Exercise objective:
The output should be the listing below, limited to the lines from the one with "حفاظ دیوار با میلگرد آجدار و شاخههای منظم در اهواز حفاظ" through the one with "Samantha Prabhu Seeks", exact and without pictures.

Materials provided:
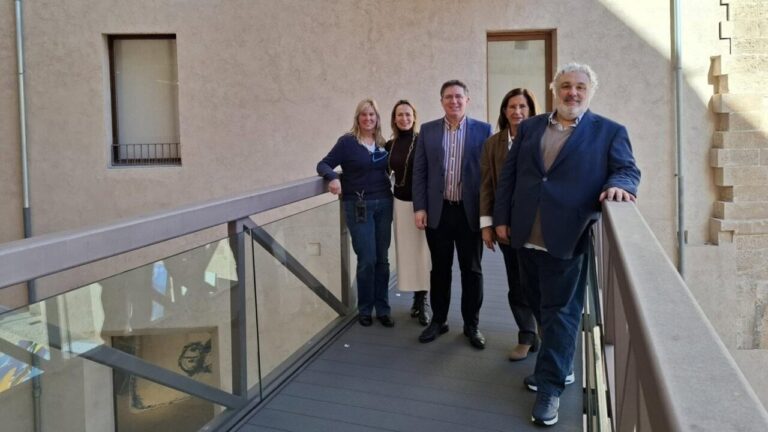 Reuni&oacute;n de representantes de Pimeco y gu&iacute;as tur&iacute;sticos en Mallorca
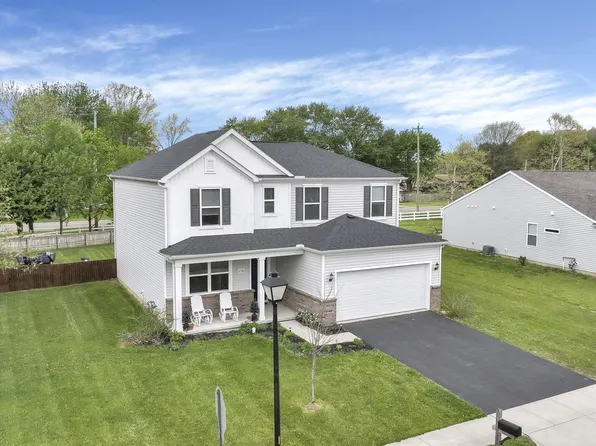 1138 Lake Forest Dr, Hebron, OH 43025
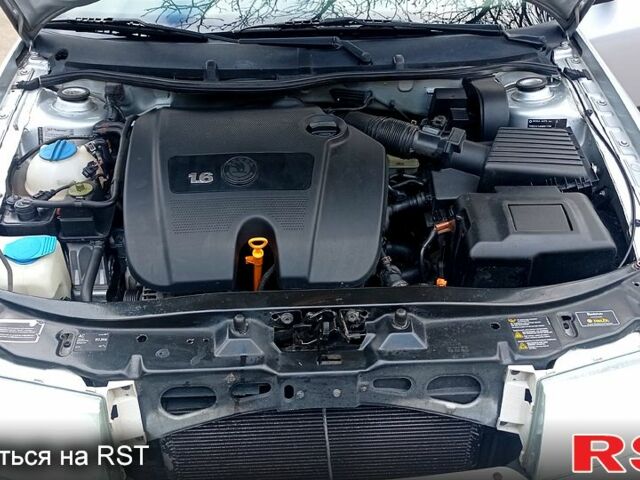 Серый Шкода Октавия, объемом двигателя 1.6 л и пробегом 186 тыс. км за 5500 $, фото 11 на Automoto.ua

* * *

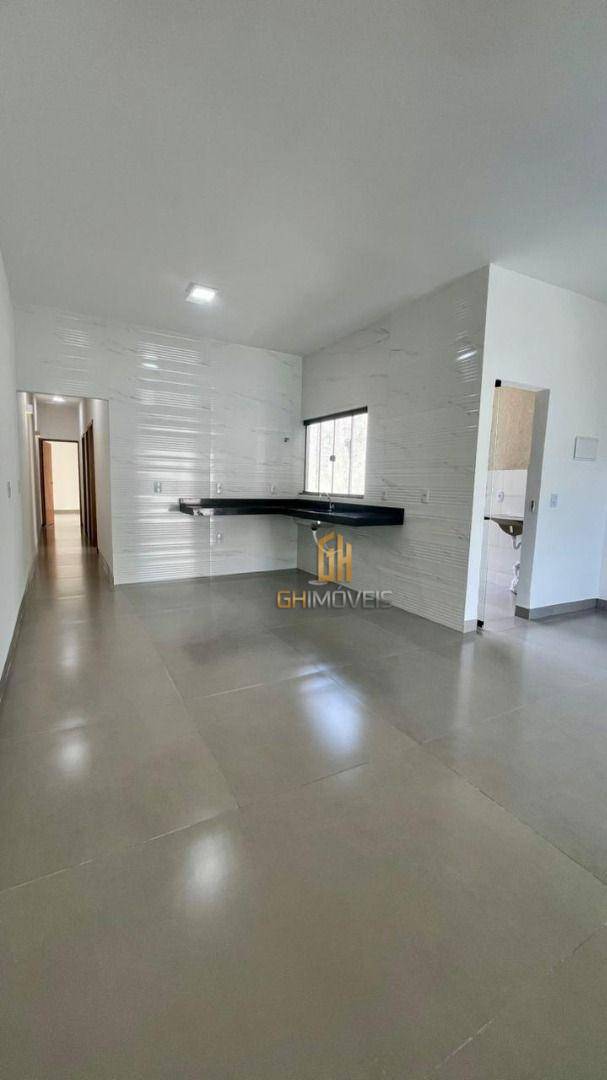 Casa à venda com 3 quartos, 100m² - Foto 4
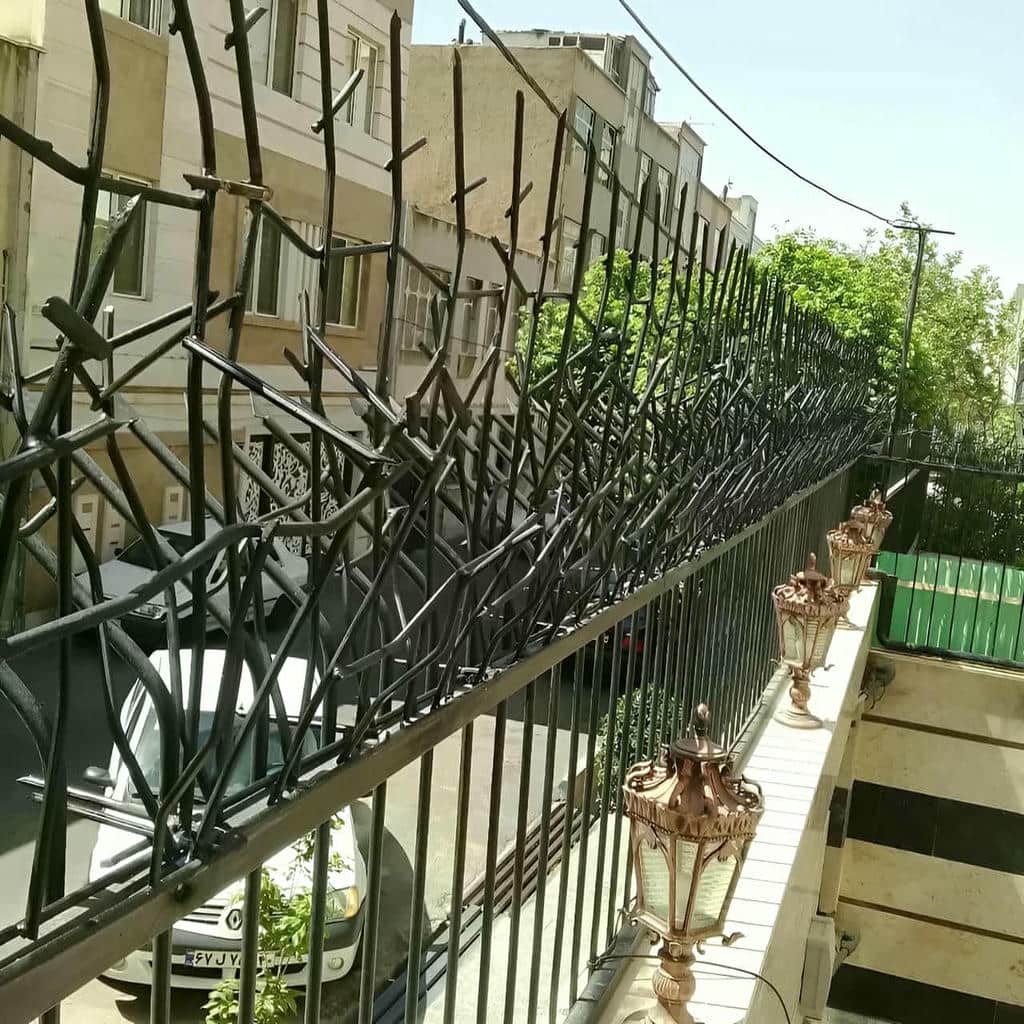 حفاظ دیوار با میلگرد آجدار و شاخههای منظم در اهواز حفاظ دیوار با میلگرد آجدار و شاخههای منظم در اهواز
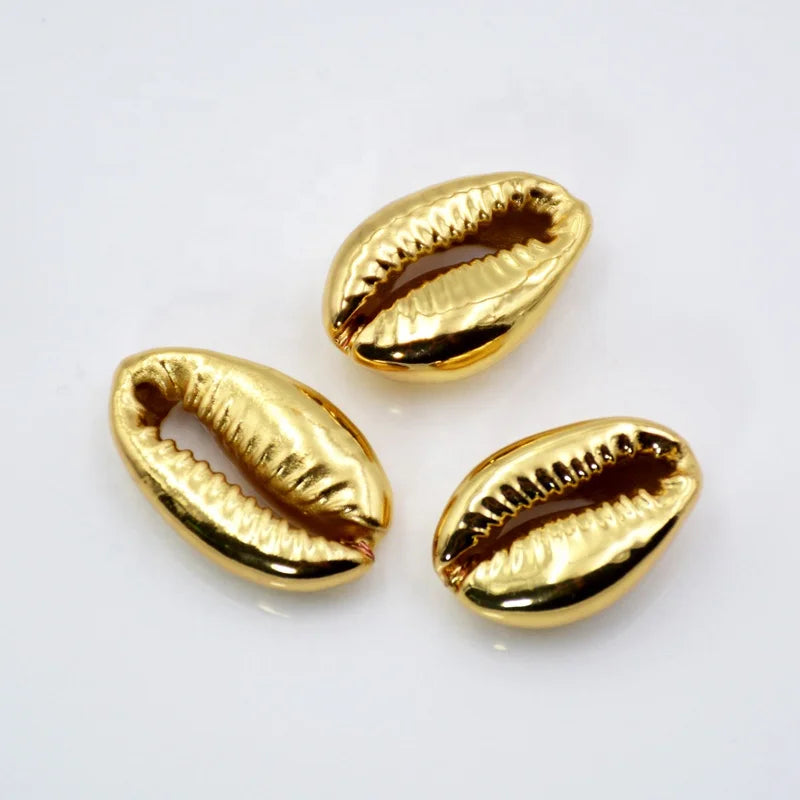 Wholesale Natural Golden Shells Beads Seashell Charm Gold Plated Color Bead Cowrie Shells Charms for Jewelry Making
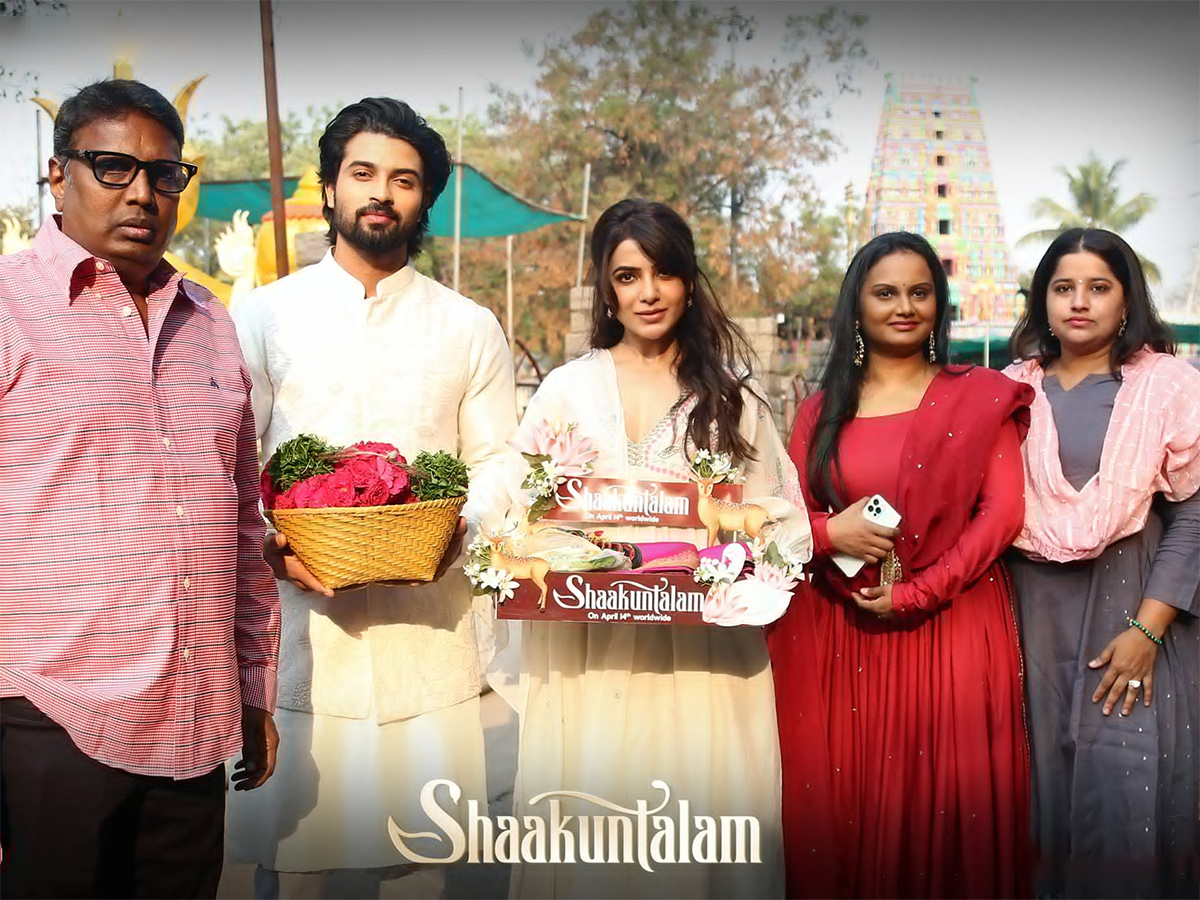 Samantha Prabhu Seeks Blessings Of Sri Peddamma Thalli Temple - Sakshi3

==

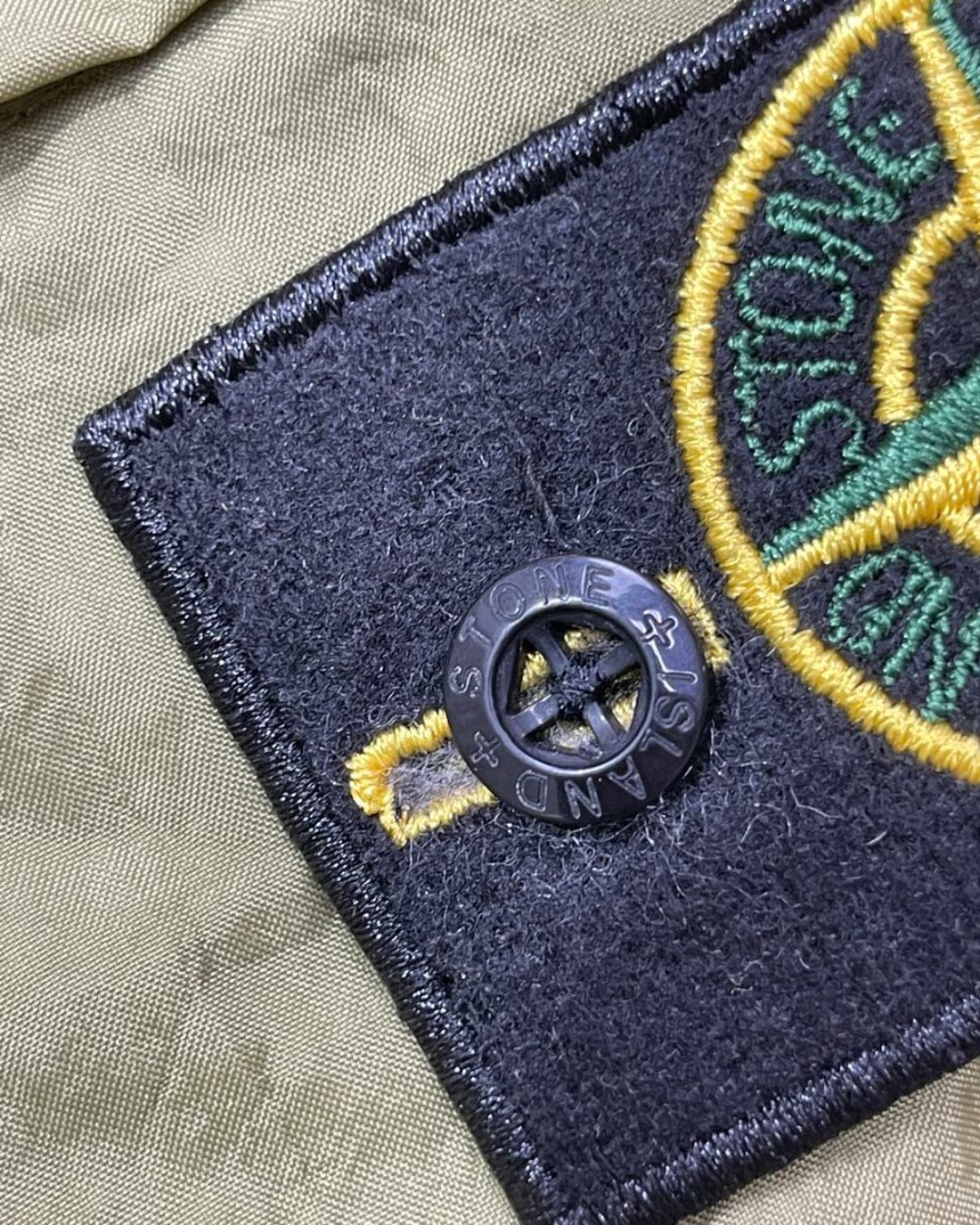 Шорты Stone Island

Reply to the task:
 حفاظ دیوار با میلگرد آجدار و شاخههای منظم در اهواز حفاظ دیوار با میلگرد آجدار و شاخههای منظم در اهواز
 Wholesale Natural Golden Shells Beads Seashell Charm Gold Plated Color Bead Cowrie Shells Charms for Jewelry Making
 Samantha Prabhu Seeks Blessings Of Sri Peddamma Thalli Temple - Sakshi3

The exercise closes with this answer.